■ THE DATA:
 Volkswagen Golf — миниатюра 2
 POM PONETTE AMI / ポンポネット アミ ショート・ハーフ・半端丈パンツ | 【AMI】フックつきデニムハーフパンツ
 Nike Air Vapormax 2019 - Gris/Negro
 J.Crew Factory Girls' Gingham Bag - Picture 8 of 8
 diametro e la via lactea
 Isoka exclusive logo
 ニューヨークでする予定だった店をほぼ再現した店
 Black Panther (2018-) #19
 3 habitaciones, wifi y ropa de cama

...

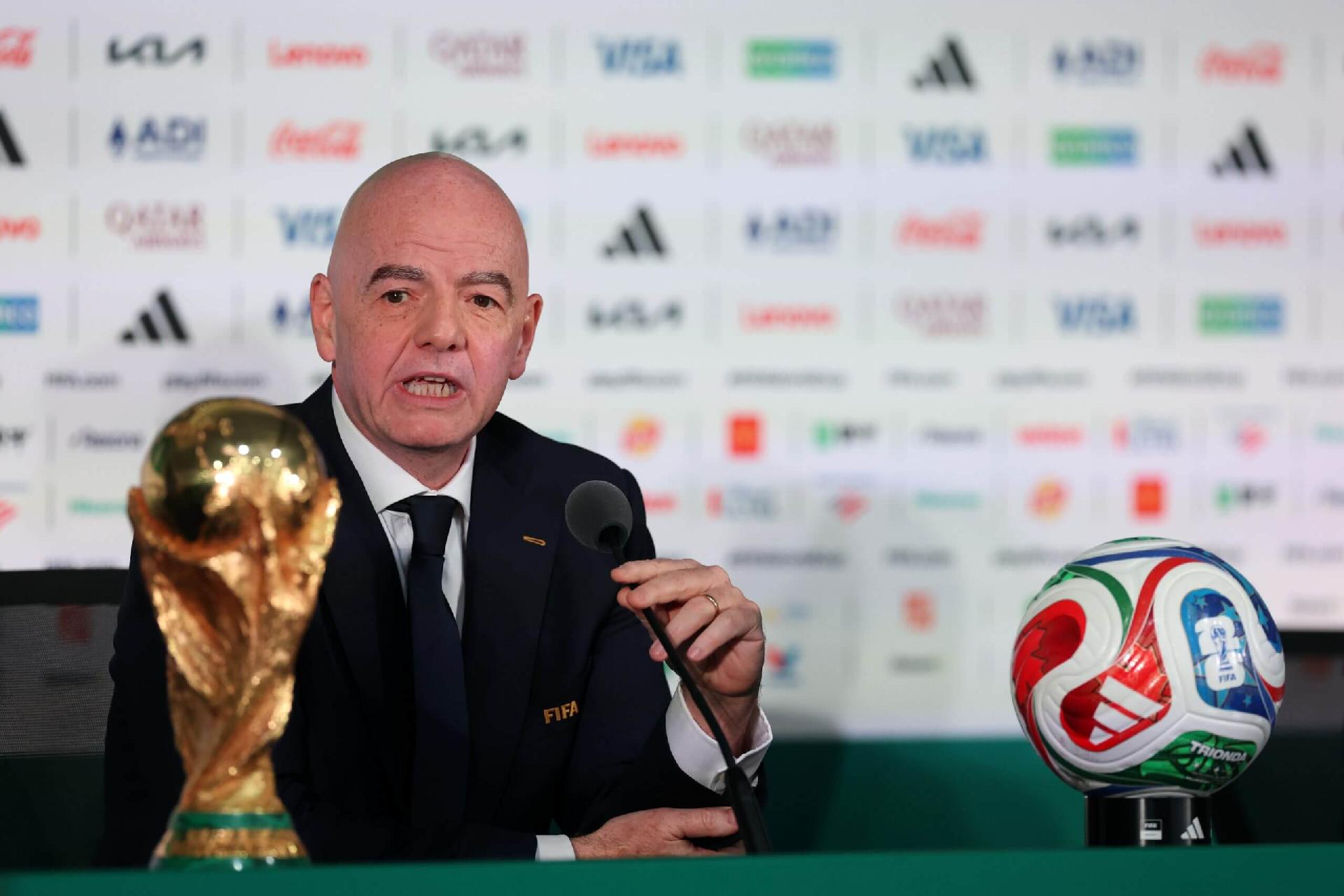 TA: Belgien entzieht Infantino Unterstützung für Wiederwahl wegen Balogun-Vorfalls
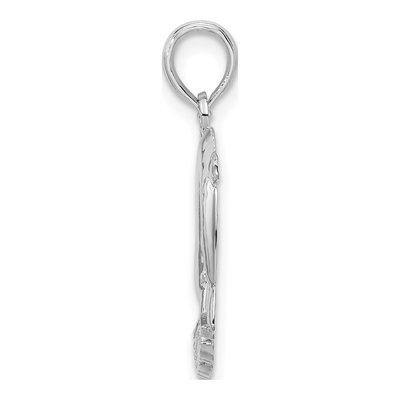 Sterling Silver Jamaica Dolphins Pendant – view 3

■ WORK INSTRUCTIONS: Begin with the line above that has "POM PONETTE AMI" and continue through the line that has "3 habitaciones, wifi y ropa de cama", setting each one down exactly. Stop there.

■ OUTPUT BELOW:
 POM PONETTE AMI / ポンポネット アミ ショート・ハーフ・半端丈パンツ | 【AMI】フックつきデニムハーフパンツ
 Nike Air Vapormax 2019 - Gris/Negro
 J.Crew Factory Girls' Gingham Bag - Picture 8 of 8
 diametro e la via lactea
 Isoka exclusive logo
 ニューヨークでする予定だった店をほぼ再現した店
 Black Panther (2018-) #19
 3 habitaciones, wifi y ropa de cama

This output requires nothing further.